Further preferably, in case that the Ab is an antibody targeting EGFR or an antigen-binding fragment thereof, it comprises a variable region of a heavy chain (HV) and a variable region of a light chain (LV), wherein the amino acid sequence of HV is represented by SEQ ID NO:33 or SEQ ID NO:36 or SEQ ID NO:39, the amino acid sequence of LV is represented by SEQ ID NO:28.

More preferably, in case that the Ab is an antibody targeting EGFR or an antigen-binding fragment thereof, it comprises a heavy chain (HC) and a light chain (LC), wherein the amino acid sequence of HC is represented by SEQ ID NO:29, the amino acid sequence of LC is represented by SEQ ID NO:30.

More preferably, in case that the Ab is an antibody targeting EGFR or an antigen-binding fragment thereof, it comprises a heavy chain (HC) and a light chain (LC), wherein the amino acid sequence of HC is represented by SEQ ID NO:34 or SEQ ID NO:37 or SEQ ID NO:40, the amino acid sequence of LC is represented by SEQ ID NO:30.

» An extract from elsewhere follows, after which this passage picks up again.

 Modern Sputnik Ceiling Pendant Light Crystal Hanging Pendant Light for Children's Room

In case that Ab is an antibody targeting HER2, HER3 or EGFR, the antibody is preferably a monoclonal antibody, and the monoclonal antibody is preferably selected from human-source antibody, humanized antibody, and chimeric antibody.

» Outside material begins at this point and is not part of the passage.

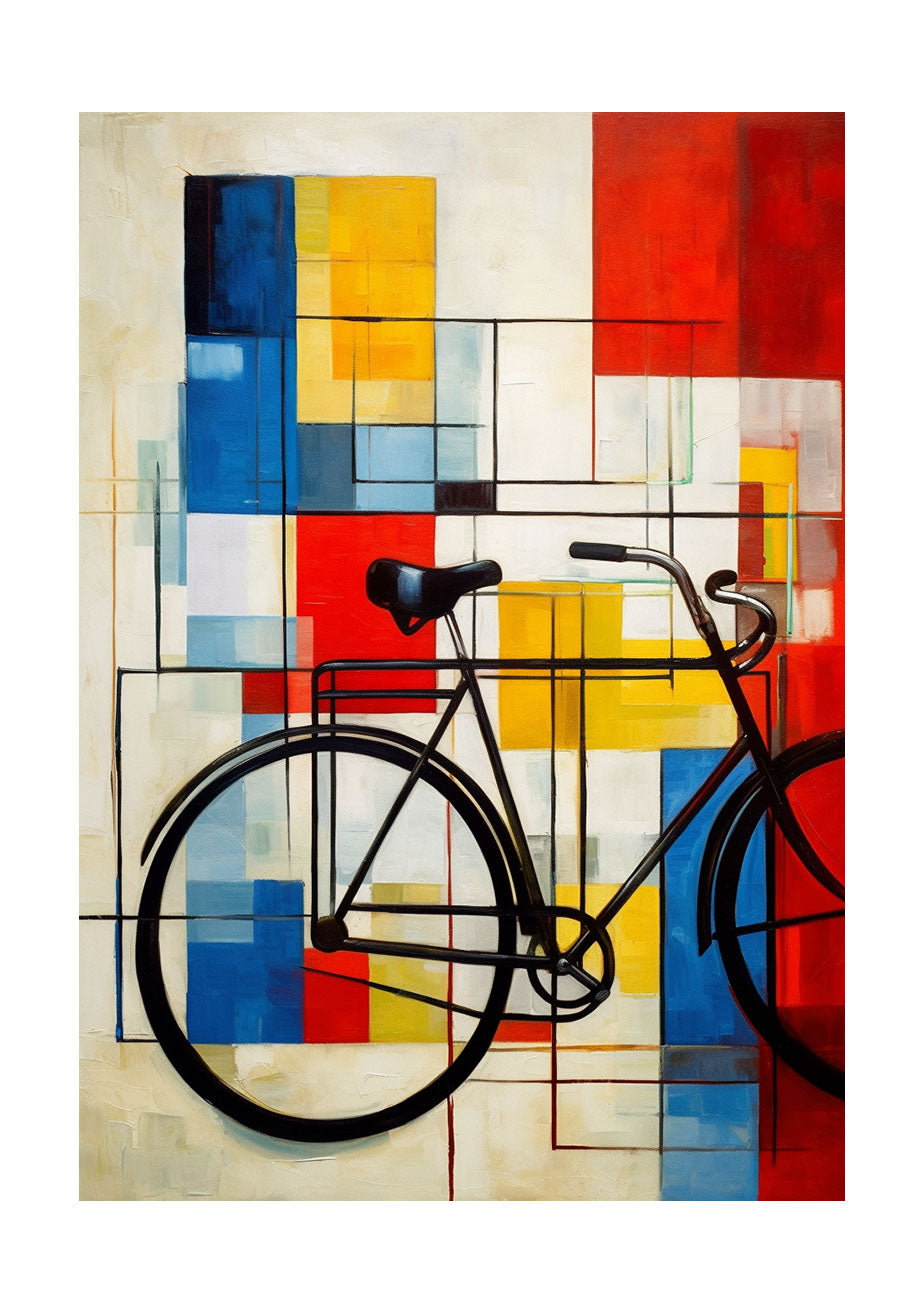 自転車のアートポスター原画のみ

In case that Ab is an antigen-binding fragment targeting HER2, HER3 or EGFR, the antigen-binding fragment is preferably selected from Fab′, (Fab′), Fab, Fv, scFv, dAb.

In the present invention, the numbering rule of the antibody amino acid sequence adopts the Kabat numbering rule. The present invention also provides any of the above non-conjugated antibodies (Ab) or antigen-binding fragments thereof.